If you answer your own email, listen to your own phone calls, issue your own refunds, handle your own customer service – you could be killing the growth of your business!
A friend once said to me “If you need to do something more than once, then create a system.” What she meant was that any activity in a business, if it requires repeating, could and should be systemised so that anyone can do it.
If you plan to grow your business, you’ll get to a point where explaining procedures verbally keeps you tied up doing just that, and not focusing on building the business.
Let me share an example with you of a system that is easy to implement.
Let’s look at the job of answering the phones at your business. How are they answered? Is it predictable and the same, no matter who answers? Do your clients know what to expect when they call you?
After 12 years in business my business had more than 10 receptionists. Each time a new person started, I would find myself telling them, again, how to answer the phone.

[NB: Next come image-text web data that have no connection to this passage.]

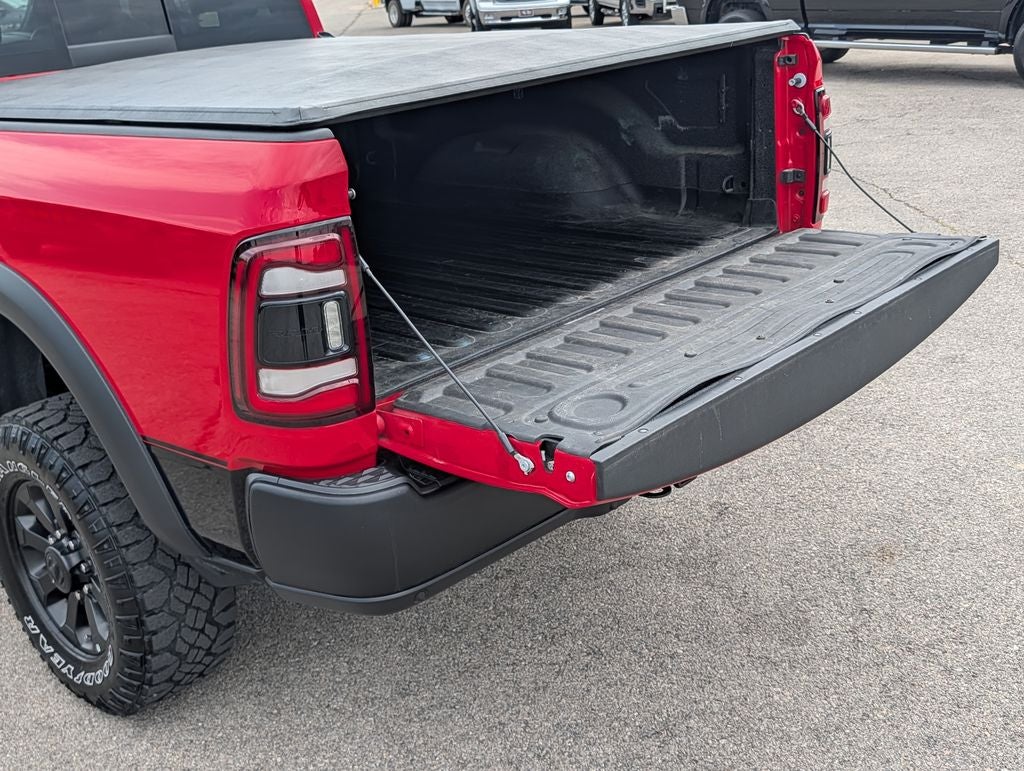 2023 RAM 2500 Power Wagon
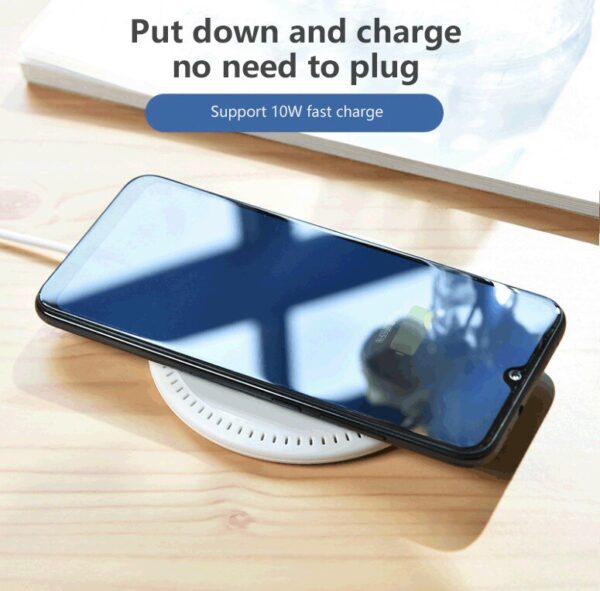 New Qi Wireless Charger 5W/10W Phone Charger Wireless New Qi Wireless Charger 5W/10W Phone Charger Wireless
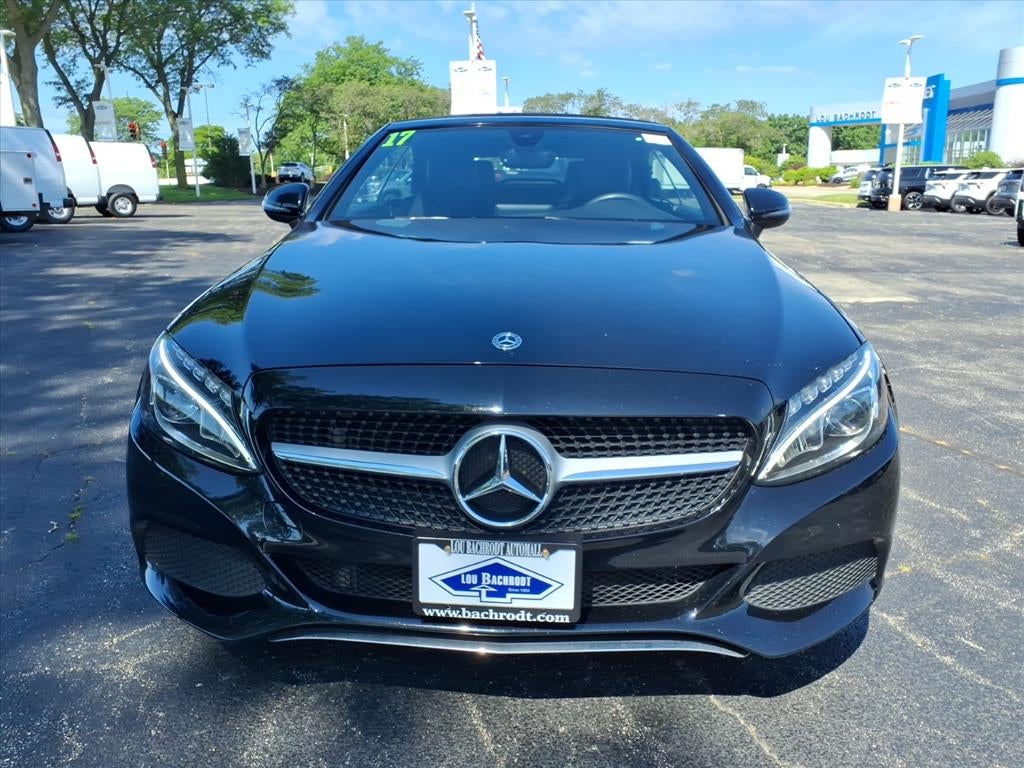 2017 Mercedes-Benz C 300 C 300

So after hiring a few new staff, it dawned on me what a waste of my time this was, and we wrote a procedure that outlined:
- What to say (and what not to say) when answering the phone
- How to take messages
- How to screen calls
- How to answer Frequently Asked Questions about services and products
Now, if the receptionist is off sick, anyone can step in and answer the phones professionally and with the same predictable results – just by following the system.

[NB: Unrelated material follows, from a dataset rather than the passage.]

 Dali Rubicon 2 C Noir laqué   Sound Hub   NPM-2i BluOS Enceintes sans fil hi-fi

In The E-Myth: Why Most Small Businesses Don’t Work and What to Do About It by Michael Gerber, he examines the plight of small business owners and then provides a solution for changing things.
Here is one of Gerber’s examples. Whether you go into a McDonald’s in Beijing or Buffalo you can expect the same thing. The restaurants are clean, affordable, and the food tastes the same wherever you go. Usually the stores are run by teenagers who are following strict systems.

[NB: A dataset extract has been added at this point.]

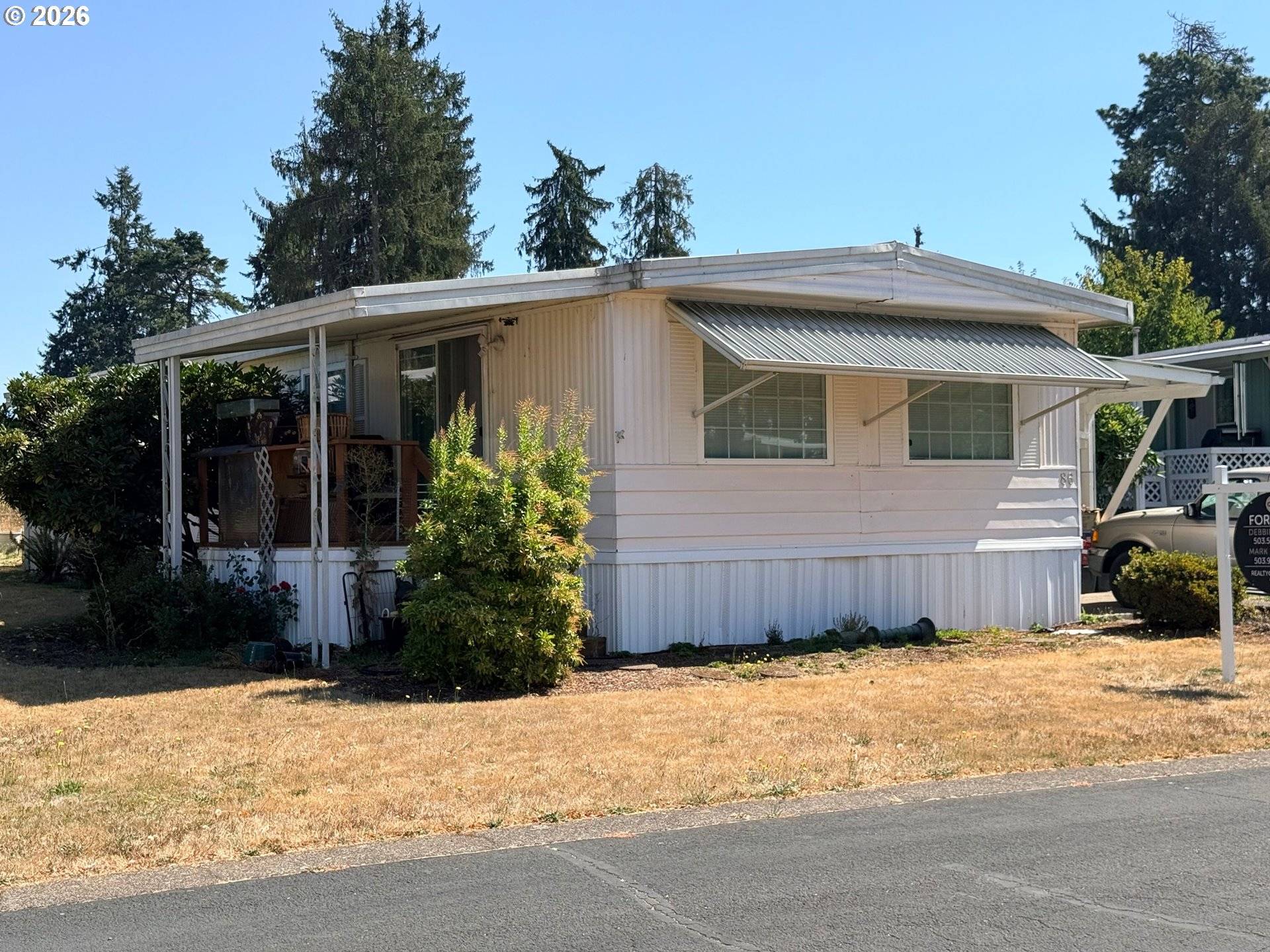 1125 58TH ST #86, Springfield, OR 97477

McDonald’s has systemised its entire business. To ensure that all franchises are run the same, the franchisees receive plans and systems to follow. When they follow the systems they get the same results.
How do you start to systemise your business?
Create a system
Imagine your business could exist without you having to be a part of its day-to-day operations. Whether you ever grow to that level or not is not important – what IS important is that you set up systems that free you from the day-to-day drudgery of doing everything yourself, or having others be ineffective because they keep re-creating the same old wheels.
The important thing to note is that Gerber says that you will know if the system you create works “if it works without you to work it.”
Implement the system
Implementing new systems requires creating manuals and systems for people to learn, and then again noticing what works and what doesn’t. Trial-and-error plays a part in helping you to perfect your system.
Over time, and as your business grows, you’ll need new systems.
Today, you can start by identifying one system, and starting to work on that. For example:
Do you need a system for…
- Writing letters?
- Opening and closing the office?
- Purchasing?
- Or hiring staff?
Remember, any system that you create, no matter how small, will help free YOU up to take care of the important job of growing your business.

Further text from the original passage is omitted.